Thursday, February 16, 2012

TAKE IT SLOW. DON'T RUSH IT. AND BEFORE YOU KNOW IT...



'The quality of life' vs 'The eternal pursuit of the almighty buck'.

This has long been a fascination of mine. Probably because, as a born and bred Capetonian, I appear to be sans ambition and everyone thinks I'm quite happy as long as I make just enough money to keep me in Piz Buin and cheap cocktails.


This conundrum has been raising it's ugly head on a regular basis (every time I visit my dear ol' mum) since I got horribly overqualified. I chose something quite daunting (to normal mortals) to study, only because I was forced by society (and my dear ol' mum) to do something. Let me tell you: very few kids of 18 years old know what they want to commit to for the rest of their lives, let alone are able to focus on anything beyond getting shitfaced 'n' shagged at their earliest convenience. I was no different. I still subscribe to these youthful aspirations. They keep me young. So young, in fact, that a vast horde of my friends are significantly younger than I am. (I don't get to hang out with the "Ed Bundy - Married With Children" sect that much anymore.)


And I have been mildly bemused to find out that I am in fact not earning as much as some of them. Whilst I have purposely chosen a life and landscape of leisure something in me cannot help but be a little jealous. But then I realise that this fact alone does not make me the monumental loser and waste of life my dear ol' mum thinks I am. I do not lack ambition, see.


In fact the opposite is very true. My main ambitions include NOT living and working on or near a mine dump 1000s of kms away from my family and friends. After that, I'd like a life in which I have enough to time to pursue my musical interests and occasionally smell the roses. Check.

I choose not to have a smart phone. This does not make me a hippie. It merely means that I am not a slave to the internet.

I have spent ALL my money on guitars and other musical instruments. I see this as my Retirement Annuity.

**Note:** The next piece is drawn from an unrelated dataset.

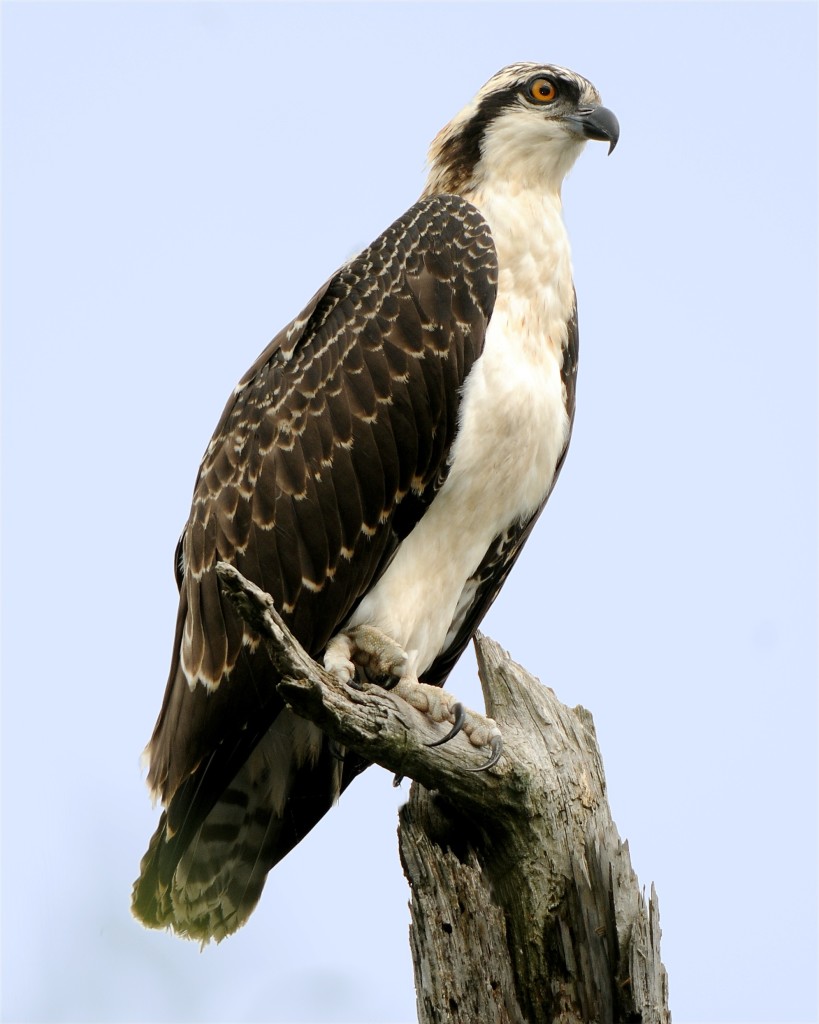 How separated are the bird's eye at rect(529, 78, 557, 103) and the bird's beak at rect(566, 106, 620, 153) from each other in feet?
0.49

When I'm eventually too decrepit to play these instrument - that bring me so much joy - I'll frame them and charge people entrance to view them in the museum/mausoleum that I call home. (I can't sell them, they all have names.)


Here are some magical words to ponder, as you sit on the loo, or whatever it is you do while reading this bloody blog - you're certainly NOT working, unless you're doing research for a psych paper...


STOP.


YOU ARE NOT A MACHINE.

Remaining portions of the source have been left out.